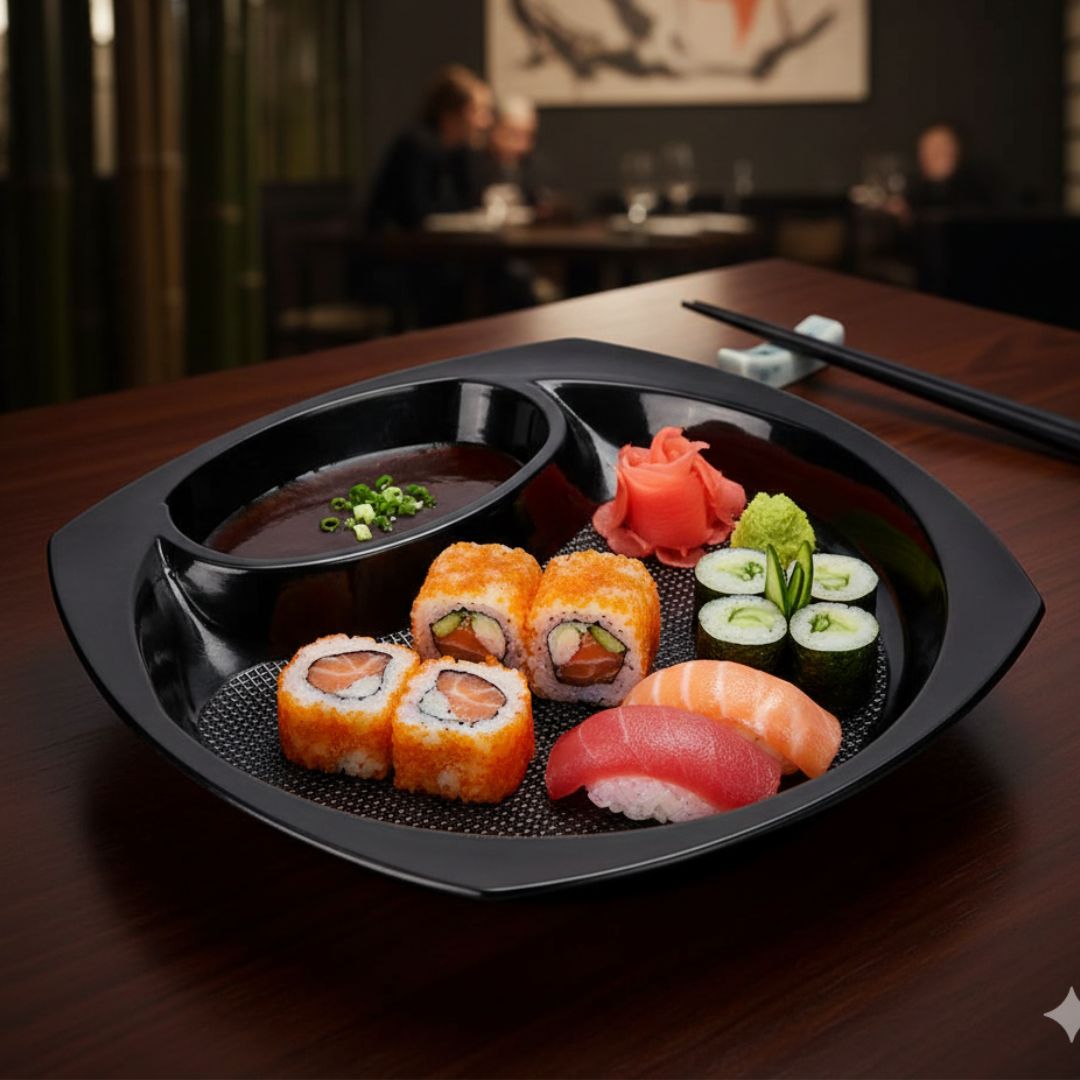 PLATO CON SALSERA GRANDE (23*2CM) (S1N) *50 UNID.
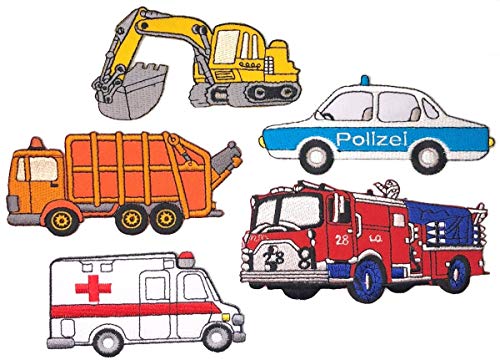 i-Patch - Patches - 0122 - Feuerwehr - Polizei - Müllwagen - Traktor - Krankenwagen - Auto - Flicken - Aufnäher - Badges - Bügelbild - Aufbügler - Iron-on - Applikation - zum aufbügeln - Patch Cover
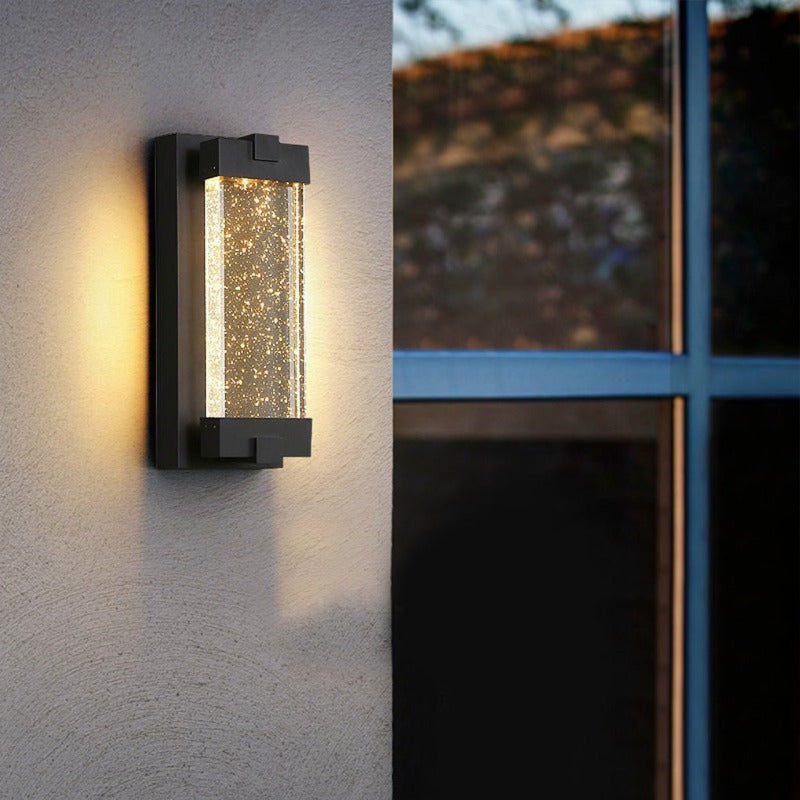 Rectangular Bubbles Crystal Waterproof COB Black Outdoor Wall Lights - Lamp Outdoor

* * * * * * *

- PROBLEM STATEMENT -
Keeping every word as it is, write out all the data and omit the pictures.

- RESULT FOR THIS TASK -
 PLATO CON SALSERA GRANDE (23*2CM) (S1N) *50 UNID.
 i-Patch - Patches - 0122 - Feuerwehr - Polizei - Müllwagen - Traktor - Krankenwagen - Auto - Flicken - Aufnäher - Badges - Bügelbild - Aufbügler - Iron-on - Applikation - zum aufbügeln - Patch Cover
 Rectangular Bubbles Crystal Waterproof COB Black Outdoor Wall Lights - Lamp Outdoor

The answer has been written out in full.